2Ce texte de 1971 a rencontré deux traductions françaises : une à Maspero, approuvée par le docteur Huber, et une aux éditions Champs Libre (1973). C’est cette seconde traduction que nous suivrons. Une nouvelle édition de ce texte est en cours de réalisation, en co-édition avec les éditions Entremonde et Météores, et paraîtra dans le courant de l’automne 2023.

3Les Cahiers de Recherches consacreront un numéro au procès du S.P.K. en novembre 1972 dans lequel figure un entretien de Guattari « Propos sur la pratique du S.P.K. ».

4F. Guattari, La révolution moléculaire, Fontenay-sous-Bois, Encres, 1977, p. 152-153.

5K. Marx, La guerre civile en France, Paris, Éditions sociales, 1972, p. 45.

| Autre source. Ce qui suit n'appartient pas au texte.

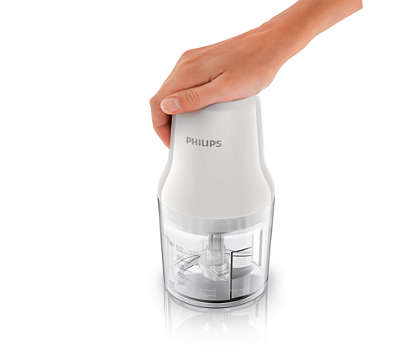 Philips Daily Collection 450W Food Chopper - Compact & Powerful for Chopping Vegetables, Nuts & Herbs - Perfect for Meal Prep & Cooking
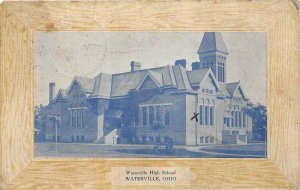 G7/ Waterville Ohio Postcard 1909 High School Building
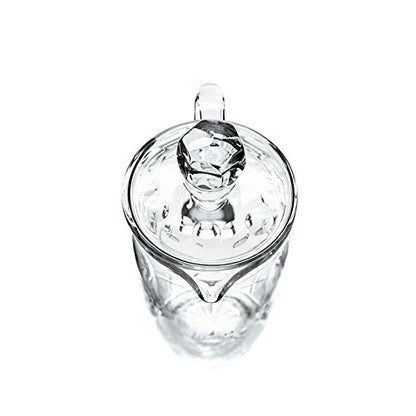 Neman Glassworks, 34-Oz Russian Crystal Pitcher, Vintage Glass Beverage Carafe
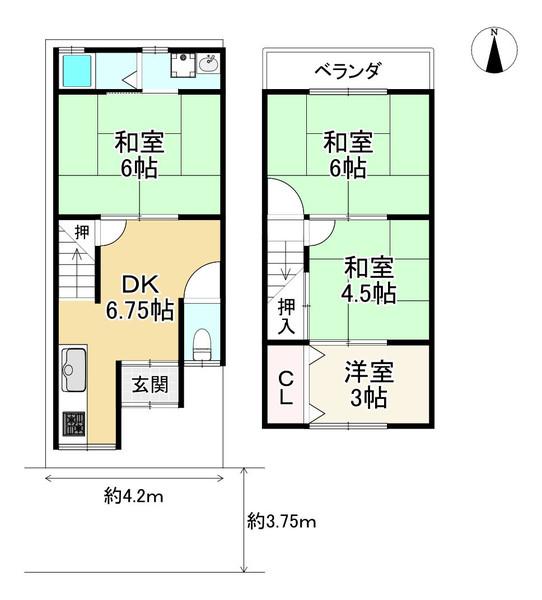 京都市下京区西七条東久保町の中古一戸建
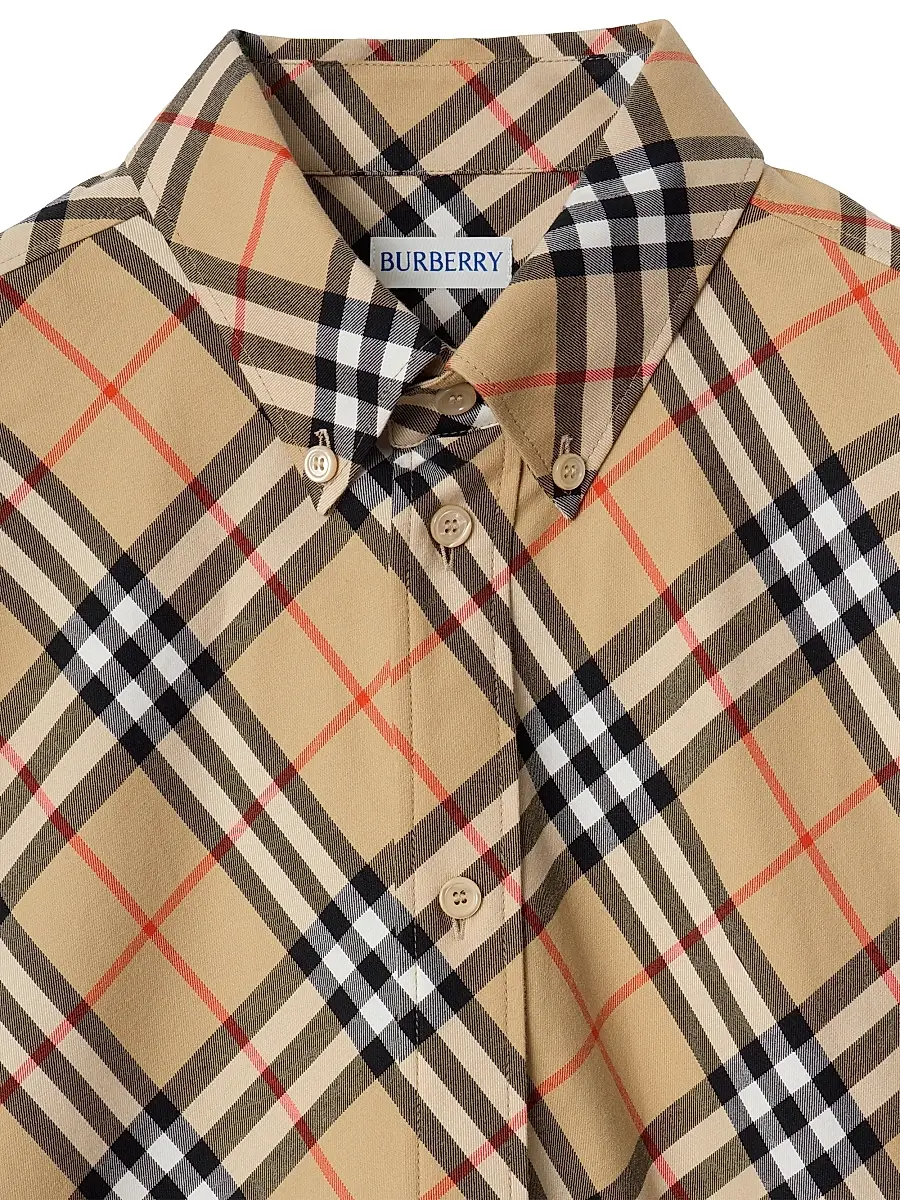 Burberry Men's Roan Check Cotton Shirt | Thumbnail 2 Burberry Men's Roan Check Cotton Shirt | Thumbnail 2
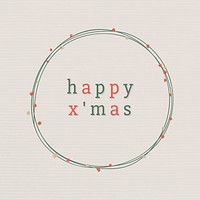 Happy X&#39;mas vector message template social media post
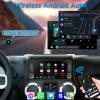 Ghakym 2G+64G Car Stereo for Jeep Wrangler 2007-2018, Compass 2009-2016, Dodge Ram 2009-2012, Grand Cherokee 2008-2011, 7 Inch Touch Screen Radio with Wireless CarPlay Android Auto GPS FM RDS view 4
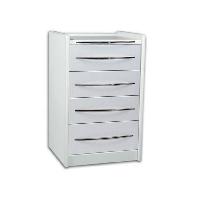 Mobīlā IERĪCE GE416 4 atvilktnes 49 cm - balta
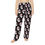 Thumbnail: Women's Graphic Pajama Pants - Black Santa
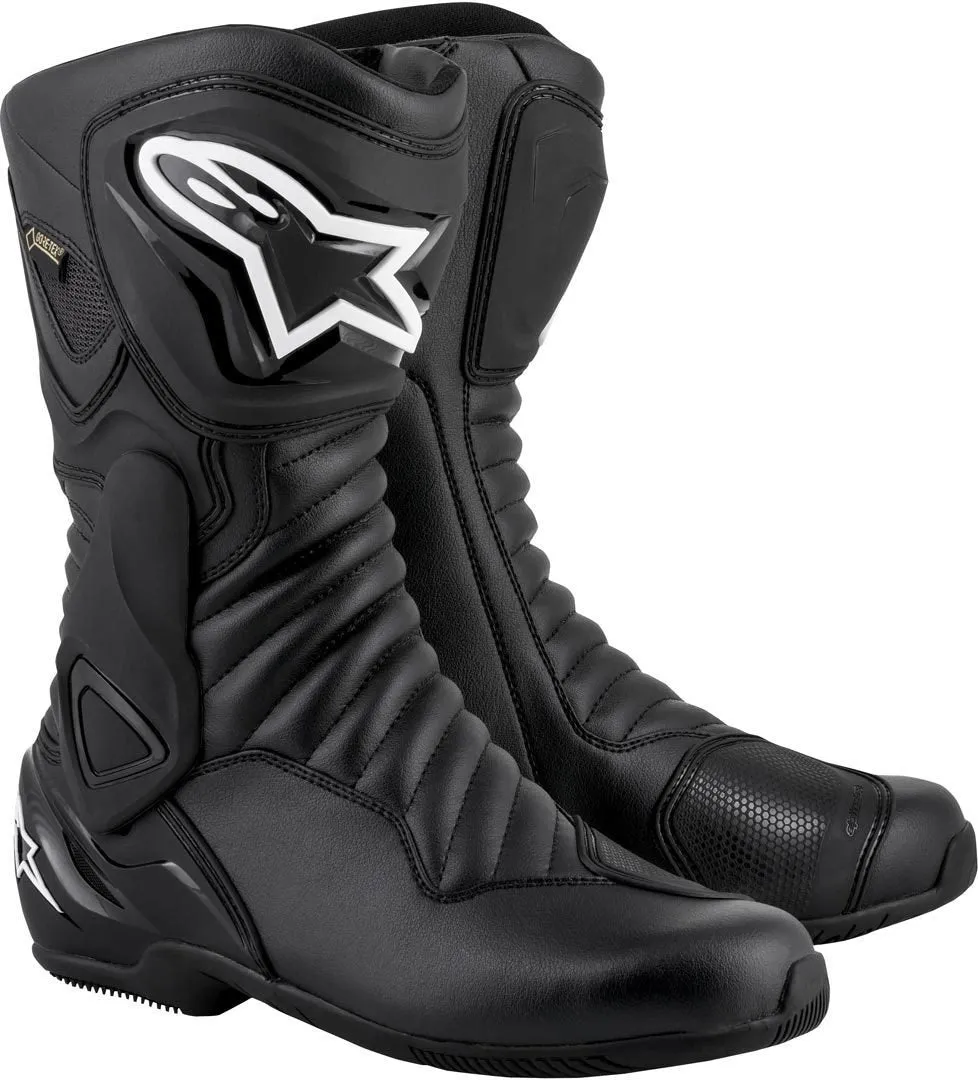 Alpinestars SMX-6 V2 Gore-Tex Motorcycle Boots, Black/White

6S.P.K., Faire de la maladie une arme, Paris, Éditions Champ Libre, 1973, p. 74.

7Je renvoie ici au très beau livre de Jean-Claude Polack, La médecine du capital, qui fut d’une importance de taille pour le S.P.K. L’appareil de Santé, par l’intermédiaire du couple médecin-patient, ne cherche pas à soigner mais à produire des « besoins de santé » dont la satisfaction répond positivement à la logique d’accumulation du capital.

8Pour une lecture complète du freudo-marxisme déployé par le S.P.K., voir le texte de Florent Gabarron-Garcia, « Faire de la maladie une arme : l’expérience d’Heidelberg », Les Cahiers Internationaux de Psychologie Sociale, 2017, no 114-115, p. 189-206.

9Mais pas que : on pense bien évidemment ici à l’analyse de F. Fanon dans Les damnés de la terre de la disparition de certains symptômes somatiques et psychiatriques au cours de la lutte pour la libération de l’Algérie.

10Faire de la maladie une arme, op. cit., p. 14.

11Ibid., p. 17-18.

12Je reprends la très belle expression de J.-C. Polack dans La médecine du capital.

13Voir le dernier texte de F. Guattari, « Pour une refondation des pratiques sociales », publié en octobre 1992 dans Le Monde diplomatique.